How Much Should I Charge?

General Overview
Yeah, But what's the answer?


Most people new to Print on Demad look at the prices for the products and think "Gee, that is so high. I guess I'll add a dollar." Trust me, it the design is worth selling at all it is worth a higher mark up. Inability to sell a product is rarely due to price, or at least not primarily. A typical customer comment "To me, the price is mostly irrelevant. A price will not make me buy. It's the value in the item which I am after." Overall pricing is affected by perceived value much more than rational analysis.

Using your own "what would I pay for that" can be very misleading. Frequently pricing discussions go like this: Newbie Shopkeeper "I'd never pay $25 for just a T-shirt. I can get 3 in a pack for that price." Successful Shopkeeper "You've never paid more than $25 for a shirt ... like at a concert?" Newbie Shopkeeper "Well, yeah, but that was unique. I couldn't get it anyplace else and it was really cool" And that dear newbie is what you should be selling in your POD shop; really cool stuff they can't get any place else.

Often the newbie shopkeeper is wrong in assessing whether their own design has the necessary cool uniqueness. The bottom line is that if the design is crap it won't sell at all or will sell very poorly no matter how low the price is set. If the design is good it is always going to easily get more than a dollar markup. When that good design doesn't sell it is a failure in marketing. Exactly how much over that dollar you can get depends upon many factors.

General Overview

What makes something "too expensive" is when people are unwilling to pay the price. What price people are willing to pay will depend on

(a) who the target audience is - kids spend their parents money more freely than several years later when they are spending their own money and then several years later when they are earning a good living they are willing to pay for what they want.
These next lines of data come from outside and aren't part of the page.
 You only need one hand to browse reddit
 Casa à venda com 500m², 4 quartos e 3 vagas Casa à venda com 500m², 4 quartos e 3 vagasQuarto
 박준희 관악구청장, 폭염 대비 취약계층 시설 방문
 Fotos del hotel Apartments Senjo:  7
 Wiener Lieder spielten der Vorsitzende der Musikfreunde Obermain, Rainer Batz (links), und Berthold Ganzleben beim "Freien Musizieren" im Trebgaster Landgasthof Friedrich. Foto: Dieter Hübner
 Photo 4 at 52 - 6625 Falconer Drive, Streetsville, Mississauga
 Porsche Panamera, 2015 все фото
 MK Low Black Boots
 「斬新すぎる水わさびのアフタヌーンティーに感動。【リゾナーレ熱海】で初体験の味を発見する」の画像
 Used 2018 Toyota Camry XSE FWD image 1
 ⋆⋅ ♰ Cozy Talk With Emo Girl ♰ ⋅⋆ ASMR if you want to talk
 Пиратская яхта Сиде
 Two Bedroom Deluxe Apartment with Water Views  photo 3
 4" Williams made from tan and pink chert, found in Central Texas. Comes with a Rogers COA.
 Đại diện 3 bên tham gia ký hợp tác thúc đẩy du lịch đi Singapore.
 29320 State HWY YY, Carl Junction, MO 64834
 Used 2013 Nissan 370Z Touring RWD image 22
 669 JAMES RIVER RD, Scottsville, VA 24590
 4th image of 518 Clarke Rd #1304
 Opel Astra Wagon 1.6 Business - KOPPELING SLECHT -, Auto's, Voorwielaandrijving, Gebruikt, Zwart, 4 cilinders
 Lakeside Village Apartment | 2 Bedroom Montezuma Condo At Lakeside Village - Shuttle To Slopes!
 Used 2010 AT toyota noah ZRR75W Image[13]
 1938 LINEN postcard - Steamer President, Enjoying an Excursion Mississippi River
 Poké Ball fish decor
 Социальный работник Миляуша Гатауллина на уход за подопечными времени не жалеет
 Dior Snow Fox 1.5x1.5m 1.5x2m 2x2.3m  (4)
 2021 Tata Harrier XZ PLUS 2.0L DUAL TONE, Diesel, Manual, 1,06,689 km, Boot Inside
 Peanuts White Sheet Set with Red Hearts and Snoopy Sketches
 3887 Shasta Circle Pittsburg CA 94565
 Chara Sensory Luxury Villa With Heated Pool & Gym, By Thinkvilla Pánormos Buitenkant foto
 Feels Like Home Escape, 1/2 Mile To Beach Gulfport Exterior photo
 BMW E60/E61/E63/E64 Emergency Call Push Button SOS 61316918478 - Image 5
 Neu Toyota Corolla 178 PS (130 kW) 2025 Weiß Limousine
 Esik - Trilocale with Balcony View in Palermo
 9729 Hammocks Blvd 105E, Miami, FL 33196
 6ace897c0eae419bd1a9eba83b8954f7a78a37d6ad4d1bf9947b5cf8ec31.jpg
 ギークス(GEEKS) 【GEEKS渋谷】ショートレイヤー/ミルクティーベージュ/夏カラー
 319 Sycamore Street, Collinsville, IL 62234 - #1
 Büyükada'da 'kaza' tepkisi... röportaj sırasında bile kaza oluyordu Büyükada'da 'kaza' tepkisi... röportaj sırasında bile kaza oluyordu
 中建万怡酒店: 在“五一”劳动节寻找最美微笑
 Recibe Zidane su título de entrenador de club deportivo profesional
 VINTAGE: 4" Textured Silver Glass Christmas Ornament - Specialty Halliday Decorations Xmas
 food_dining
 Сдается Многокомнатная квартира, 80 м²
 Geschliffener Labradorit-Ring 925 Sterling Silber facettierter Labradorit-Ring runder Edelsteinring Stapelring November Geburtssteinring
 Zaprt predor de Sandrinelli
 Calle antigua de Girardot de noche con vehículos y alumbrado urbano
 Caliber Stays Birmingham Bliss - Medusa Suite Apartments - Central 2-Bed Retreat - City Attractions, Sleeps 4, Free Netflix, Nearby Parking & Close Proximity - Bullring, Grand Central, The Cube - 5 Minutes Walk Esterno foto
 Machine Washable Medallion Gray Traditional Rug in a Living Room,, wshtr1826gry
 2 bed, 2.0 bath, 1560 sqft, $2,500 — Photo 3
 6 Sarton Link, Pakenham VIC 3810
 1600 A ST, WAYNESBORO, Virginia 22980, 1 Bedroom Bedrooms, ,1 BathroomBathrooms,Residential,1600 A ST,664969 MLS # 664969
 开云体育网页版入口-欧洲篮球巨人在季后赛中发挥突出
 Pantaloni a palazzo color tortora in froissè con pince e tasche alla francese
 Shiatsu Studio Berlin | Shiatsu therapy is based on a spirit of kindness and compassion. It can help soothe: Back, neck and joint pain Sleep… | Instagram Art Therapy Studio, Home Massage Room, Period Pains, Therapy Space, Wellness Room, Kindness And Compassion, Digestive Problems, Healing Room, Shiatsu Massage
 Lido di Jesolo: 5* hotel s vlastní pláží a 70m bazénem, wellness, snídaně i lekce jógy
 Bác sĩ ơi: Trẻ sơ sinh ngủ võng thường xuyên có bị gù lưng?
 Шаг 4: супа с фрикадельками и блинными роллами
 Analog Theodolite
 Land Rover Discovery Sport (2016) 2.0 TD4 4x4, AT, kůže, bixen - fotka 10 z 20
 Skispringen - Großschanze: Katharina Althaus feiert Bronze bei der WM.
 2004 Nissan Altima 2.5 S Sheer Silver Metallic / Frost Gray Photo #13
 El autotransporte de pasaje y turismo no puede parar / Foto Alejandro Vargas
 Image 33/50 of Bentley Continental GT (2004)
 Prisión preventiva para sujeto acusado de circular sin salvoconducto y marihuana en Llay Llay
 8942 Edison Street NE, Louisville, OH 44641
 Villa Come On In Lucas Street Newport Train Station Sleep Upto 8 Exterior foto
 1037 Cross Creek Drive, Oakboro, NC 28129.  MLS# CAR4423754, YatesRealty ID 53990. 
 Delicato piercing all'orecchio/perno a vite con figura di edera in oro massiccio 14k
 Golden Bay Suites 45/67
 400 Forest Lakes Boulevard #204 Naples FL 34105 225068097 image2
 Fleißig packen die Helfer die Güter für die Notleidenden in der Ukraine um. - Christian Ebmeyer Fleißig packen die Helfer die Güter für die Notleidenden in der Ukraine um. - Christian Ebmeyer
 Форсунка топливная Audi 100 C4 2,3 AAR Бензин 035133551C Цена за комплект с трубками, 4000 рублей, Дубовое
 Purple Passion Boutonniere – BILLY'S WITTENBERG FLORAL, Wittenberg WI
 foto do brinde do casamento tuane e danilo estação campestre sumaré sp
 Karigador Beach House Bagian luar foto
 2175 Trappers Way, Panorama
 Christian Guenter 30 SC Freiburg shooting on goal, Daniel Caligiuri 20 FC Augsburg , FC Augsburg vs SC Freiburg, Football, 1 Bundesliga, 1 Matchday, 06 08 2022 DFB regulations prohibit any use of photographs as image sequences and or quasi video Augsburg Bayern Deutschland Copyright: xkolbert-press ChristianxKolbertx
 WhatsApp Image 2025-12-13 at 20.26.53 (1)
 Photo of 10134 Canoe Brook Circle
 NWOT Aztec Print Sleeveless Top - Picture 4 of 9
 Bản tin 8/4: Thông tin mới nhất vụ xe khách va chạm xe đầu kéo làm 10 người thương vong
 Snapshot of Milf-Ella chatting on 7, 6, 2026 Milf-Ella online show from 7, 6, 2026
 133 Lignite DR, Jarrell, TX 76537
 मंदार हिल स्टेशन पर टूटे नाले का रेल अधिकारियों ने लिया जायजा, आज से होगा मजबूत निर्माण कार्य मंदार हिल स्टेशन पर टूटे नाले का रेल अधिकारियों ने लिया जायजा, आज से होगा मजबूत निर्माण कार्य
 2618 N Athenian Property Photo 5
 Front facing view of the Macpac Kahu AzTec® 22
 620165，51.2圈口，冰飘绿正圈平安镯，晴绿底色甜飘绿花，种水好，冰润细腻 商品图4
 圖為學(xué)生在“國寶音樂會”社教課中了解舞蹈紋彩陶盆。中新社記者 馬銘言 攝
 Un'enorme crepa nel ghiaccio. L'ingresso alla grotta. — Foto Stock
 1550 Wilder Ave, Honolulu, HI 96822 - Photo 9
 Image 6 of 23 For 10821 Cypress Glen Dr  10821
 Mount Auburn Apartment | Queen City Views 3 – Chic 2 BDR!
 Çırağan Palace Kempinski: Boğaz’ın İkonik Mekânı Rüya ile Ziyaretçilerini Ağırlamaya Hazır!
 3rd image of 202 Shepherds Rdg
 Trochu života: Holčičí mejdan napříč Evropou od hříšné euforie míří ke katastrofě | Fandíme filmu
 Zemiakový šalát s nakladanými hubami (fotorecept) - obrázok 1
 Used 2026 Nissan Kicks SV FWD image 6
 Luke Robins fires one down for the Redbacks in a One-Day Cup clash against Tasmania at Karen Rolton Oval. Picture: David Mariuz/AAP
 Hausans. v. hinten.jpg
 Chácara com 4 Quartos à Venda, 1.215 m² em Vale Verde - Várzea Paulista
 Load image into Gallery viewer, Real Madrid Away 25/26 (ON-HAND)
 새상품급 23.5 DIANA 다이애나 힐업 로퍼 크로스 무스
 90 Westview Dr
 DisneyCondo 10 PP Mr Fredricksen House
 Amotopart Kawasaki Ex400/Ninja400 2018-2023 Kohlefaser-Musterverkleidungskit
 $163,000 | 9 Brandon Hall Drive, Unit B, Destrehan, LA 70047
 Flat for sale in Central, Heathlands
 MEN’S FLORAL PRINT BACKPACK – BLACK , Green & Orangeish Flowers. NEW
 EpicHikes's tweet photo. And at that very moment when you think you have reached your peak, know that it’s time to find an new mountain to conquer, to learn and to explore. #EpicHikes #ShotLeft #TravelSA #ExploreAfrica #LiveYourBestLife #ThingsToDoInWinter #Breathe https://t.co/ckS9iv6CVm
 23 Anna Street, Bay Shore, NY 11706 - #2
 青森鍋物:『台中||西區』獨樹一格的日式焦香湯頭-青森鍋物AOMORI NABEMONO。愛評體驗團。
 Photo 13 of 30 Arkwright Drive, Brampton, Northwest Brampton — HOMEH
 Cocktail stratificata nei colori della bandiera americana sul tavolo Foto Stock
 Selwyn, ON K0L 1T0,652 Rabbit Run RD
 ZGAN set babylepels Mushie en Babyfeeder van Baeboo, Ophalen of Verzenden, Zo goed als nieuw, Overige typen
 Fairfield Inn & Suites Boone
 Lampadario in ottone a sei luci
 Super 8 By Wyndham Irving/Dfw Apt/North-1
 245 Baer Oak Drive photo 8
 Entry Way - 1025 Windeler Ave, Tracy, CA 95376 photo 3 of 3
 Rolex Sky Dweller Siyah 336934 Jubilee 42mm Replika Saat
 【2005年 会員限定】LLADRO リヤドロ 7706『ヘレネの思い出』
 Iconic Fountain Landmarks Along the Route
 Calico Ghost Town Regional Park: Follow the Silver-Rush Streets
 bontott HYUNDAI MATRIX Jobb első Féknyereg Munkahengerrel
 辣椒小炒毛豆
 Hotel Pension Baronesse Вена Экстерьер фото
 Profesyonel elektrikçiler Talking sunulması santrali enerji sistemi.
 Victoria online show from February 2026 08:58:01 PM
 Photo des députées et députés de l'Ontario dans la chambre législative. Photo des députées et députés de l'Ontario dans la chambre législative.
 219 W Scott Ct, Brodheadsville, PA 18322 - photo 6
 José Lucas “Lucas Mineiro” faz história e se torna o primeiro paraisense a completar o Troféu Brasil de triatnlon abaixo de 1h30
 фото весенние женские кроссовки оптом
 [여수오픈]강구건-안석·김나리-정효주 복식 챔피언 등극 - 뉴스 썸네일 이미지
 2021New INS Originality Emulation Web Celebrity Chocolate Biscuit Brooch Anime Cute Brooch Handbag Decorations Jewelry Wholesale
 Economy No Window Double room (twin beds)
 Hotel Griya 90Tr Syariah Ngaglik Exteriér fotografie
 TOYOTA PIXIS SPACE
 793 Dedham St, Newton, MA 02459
(b) the design. If the general concept or message on the shirt can readily be obtained from many sources then competition limits the price people are willing to pay. If it is unique or special people will pay even higher than what is in your list. Designs with only text typically command a lower range than designs with at least some art work. Designs with good art work typically command a higher range than designs with so-so artwork. Designs with great art work and a great message have the best range of prices people are willing to pay.

(c) marketing. Marketing makes a huge difference in what people are willing to pay. That could be the advertising that gets people to the product, the presentation of the product, the words surrounding it, etc. The perception of a "shop" makes a difference. Poorly fitted items mixed in the properly fitted items can drop the price because it creates an impression of cheap.

(d) the quality of the product itself. The range of what people will pay for a white t-shirt is lower than what people will pay for the organic, or the dark shirts. The manufacturer can make a difference. The weight and type of fabric. The description of how it is finished.

(e) psychology. Perception of price is driven in part by a tendency of the customer to simplify pricing to evaluate value. That is the reason so many prices end in .99. Customers tend to see a significant difference between $4.99 and $5.00 while they see little difference between $4.86 and $4.96. As you can imagine pricing strategy is thoroughly studied.

Yeah, But what's the answer?

The answer is that you are going to a have to experiment and that what you can charge when you are just starting it going to be lower than what you can get later. As you improve the quality of your designs and the appearance of your shop the acceptable price range will rise. Regardless of product your minimum markup should be 10% of the base price. For low cost items (like stickers, buttons) your minimum markup should be 50% of the base price. When you start making regular sales (however you define that term) then you should start sliding your markup to double those percentages.

Good pricing is part art and part science. Here is something you can just throw at the problem to start with and refine later:

For items with a base price between   Percent markup should be about
$90 +   15%
$18 to $89   20%
$14 to $18   25%
$11 to $ 13   30%
$5 to %10   50%
under $5   100%

Now don't go and write me about how wrong I am. This chart is intended to be simple more than accurate. It is intended for the newbie with no experience who just wants some fair guidelines to start with. Some PODs will provide a tiered pricing chart which takes this general principle that the percent markup rises as the base price decreases and then modifies it by experience and marketing research. If you think in terms of dollar value, You are cheating yourself or you have a lousy design if your markup is less than $4 for apparel. Most people can easily get $6, and most successful shop keepers get in the $8 to $10 range. There is an exception. Logo items in support of a club or similar organization is frequently marked up very low or not at all because the primary goal is to encourage supporters to wear them as a form of marketing and unity.